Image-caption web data
......

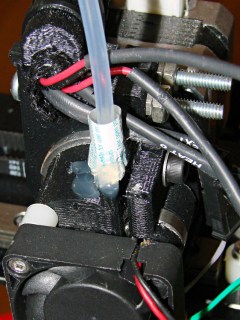 M2 extruder - added filament guide
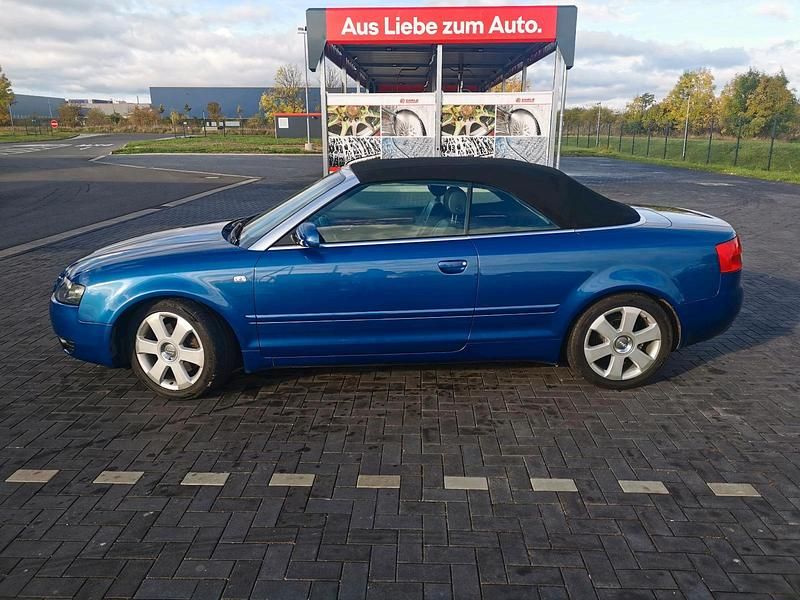 Blau Gebraucht 2004 Audi A4 Cabriolet Cabrio | 3.500 € (Superpreis) - Bild 1/4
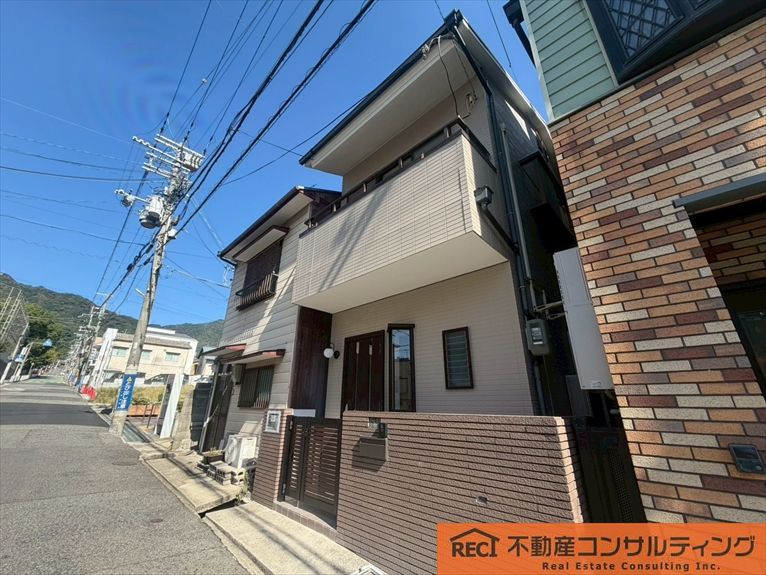 神戸市灘区天城通3丁目　中古戸建のエントランス
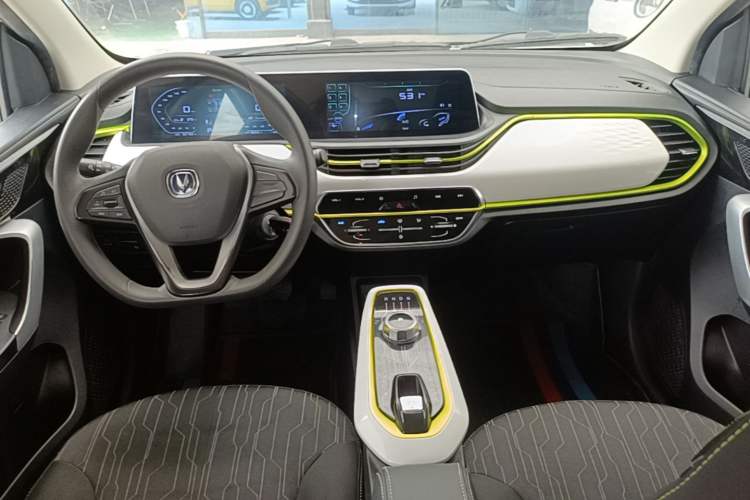 Used CHANGAN Benni E-Star 2020 Heartbeat Edition NMC Lithium Center Console
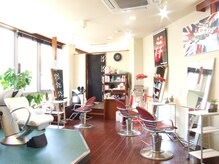 ヘアサロン ティーエスエフビーエイト(Hair salon T.S.F.B Eight)の雰囲気（ポップでカジュアルな店内がアットホーム）
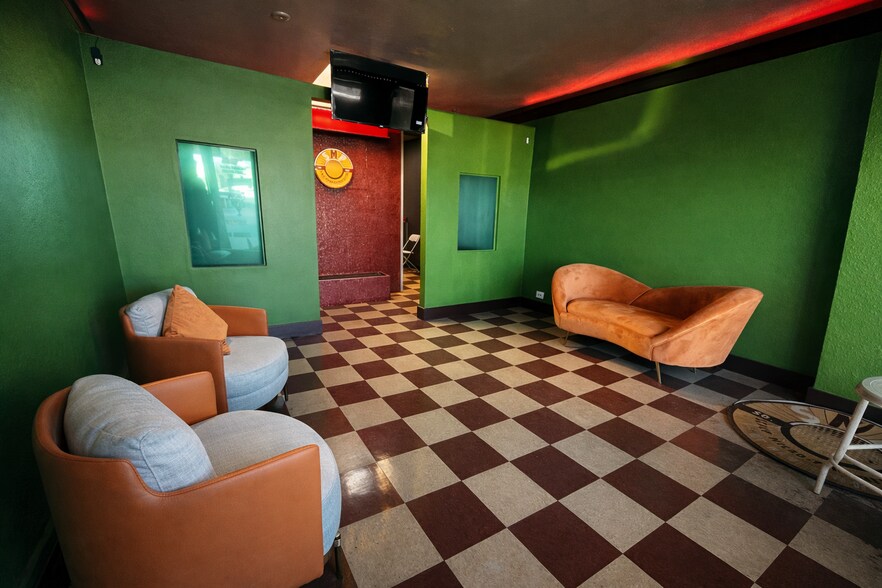 More Photos Of 1810 Newport Blvd, Costa Mesa General Retail For Sale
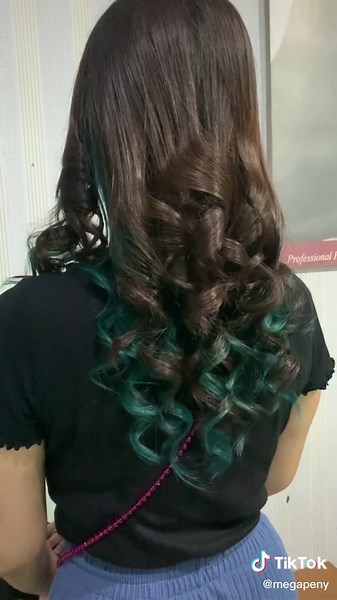 Peek A Boo Green Tosca Hair Color Ideas for Women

......

— TASK DESCRIPTION —
With the pictures set aside, repeat every entry above exactly.

— EXERCISE ANSWER —
 M2 extruder - added filament guide
 Blau Gebraucht 2004 Audi A4 Cabriolet Cabrio | 3.500 € (Superpreis) - Bild 1/4
 神戸市灘区天城通3丁目　中古戸建のエントランス
 Used CHANGAN Benni E-Star 2020 Heartbeat Edition NMC Lithium Center Console
 ヘアサロン ティーエスエフビーエイト(Hair salon T.S.F.B Eight)の雰囲気（ポップでカジュアルな店内がアットホーム）
 More Photos Of 1810 Newport Blvd, Costa Mesa General Retail For Sale
 Peek A Boo Green Tosca Hair Color Ideas for Women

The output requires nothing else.